Their previous best was 500,000 notifications in 60 seconds. And that caused a few crashes too. Yikes!
The Challenges
Unpredictable Timing: Duolingo couldn't predict exactly when their ad would air, so the notification delivery had to be triggered manually.
Massive Scale: Sending 4 million push notifications in a short time window required carefully architecting the system to scale.
Duplicate Prevention: Duolingo needed to ensure each user received only one notification, even if more than one person triggered the process independently.
Integration with Third-Party Platforms: To deliver the notifications, Duolingo had to integrate with Google's Firebase Cloud Messaging (FCM) and Apple Push Notification Service (APNS).
The Solution
Architecture Design
They built an asynchronous, event-driven architecture on AWS to handle the push notification delivery by leveraging AWS services like API Gateway, ECS, SQS, DynamoDB, S3, and CloudWatch.
Source: QCon London
API Gateway: Served as the entry point for the process, triggering the notification delivery.
Python Components in ECS: Responsible for processing the notification requests and interfacing with the queuing and data storage services.
SQS Queues: For deduplication, a FIFO (First-In-First-Out) queue was used, and a regular queue was used for publishing notifications.
DynamoDB and S3: Stored user and device data required for the notification delivery.
CloudWatch: Provided observability and monitoring for the entire system.
Scaling and Performance
To handle the massive scale:
Autoscaling: Duolingo manually provisioned 5,000 notification worker instances a few hours before the Super Bowl by modifying the autoscaling group (ASG) and ECS task.
Data Prefetching: They also set up 20 "interim worker" instances to prefetch user and device data from S3 and store it in memory for faster access.
Batching and Deduplication: FIFO queues support a 5-minute deduplication window for 300 messages/second delivery rate.
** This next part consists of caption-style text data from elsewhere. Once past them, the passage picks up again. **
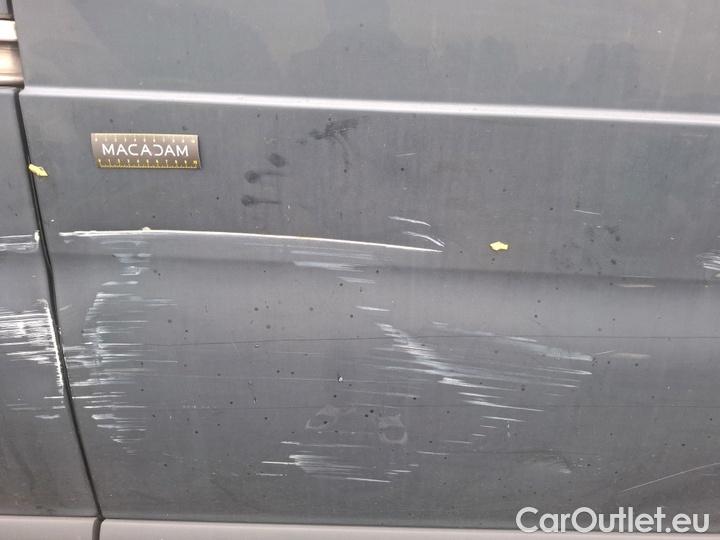 Mercedes  Sprinter 314 CDI EMP 3665 3.5T #34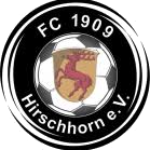 شعار FC Hirschhorn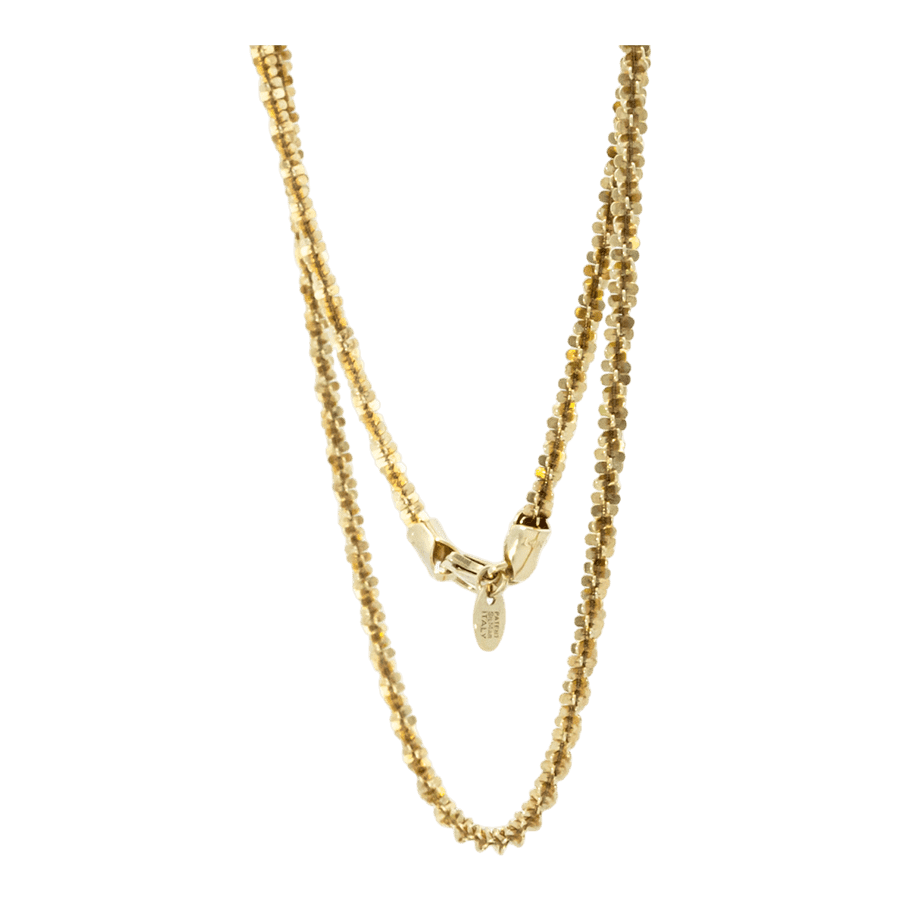 Picture of  Chain 14k Yellow Gold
So, Duolingo used a second SQS queue to trigger publishing push notifications. Since SQS queues have an in-flight message limit of 120,000 messages/second, engineers used data batching to support the required publication rate.
Stress Testing: Duolingo conducted three push notification delivery tests with 1 million users to ensure they could successfully scale the architecture and find out/address any performance bottlenecks.
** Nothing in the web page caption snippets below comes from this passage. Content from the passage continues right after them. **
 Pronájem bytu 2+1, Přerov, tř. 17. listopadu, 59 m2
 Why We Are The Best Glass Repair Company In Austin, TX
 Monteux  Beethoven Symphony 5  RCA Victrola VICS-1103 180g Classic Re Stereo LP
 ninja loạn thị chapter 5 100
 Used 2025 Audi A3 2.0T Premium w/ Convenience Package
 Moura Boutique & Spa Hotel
Integration with Third-Party Platforms
Duolingo also contacted Google and Apple to understand any rate limits on their notification delivery platforms. Fortunately, no specific limits allowed Duolingo to focus on scaling its internal systems.
Results
On the day of the Super Bowl, the Duolingo team was able to:
Publish 95% of notifications in 3.9 seconds
Publish 99% of notifications in 5.7 seconds
This was achieved by leveraging the asynchronous, event-driven architecture and careful scaling and performance optimizations.
Lessons Learned
Importance of Stress Testing: Duolingo conducted three push notification delivery tests with 1 million users to validate the end-to-end process at scale and address any performance bottlenecks.
Vendor Integrations: While Duolingo couldn't control the performance of Google and Apple's notification platforms, proactively understanding their capabilities and limitations helped them design a robust internal system.
Observability and Monitoring: Using CloudWatch for observability was crucial in ensuring the system performed as expected and enabled quick troubleshooting during the live event.
Asynchronous, Event-Driven Architecture: Duolingo's decision to use an asynchronous, event-driven approach with queues and batching proved to be the right choice for handling the massive spike in traffic and delivering notifications at scale.
Overall, Duolingo's experience showcases the importance of careful architecture design, performance optimization, and thorough testing when building systems that need to handle extreme traffic spikes and time-sensitive events.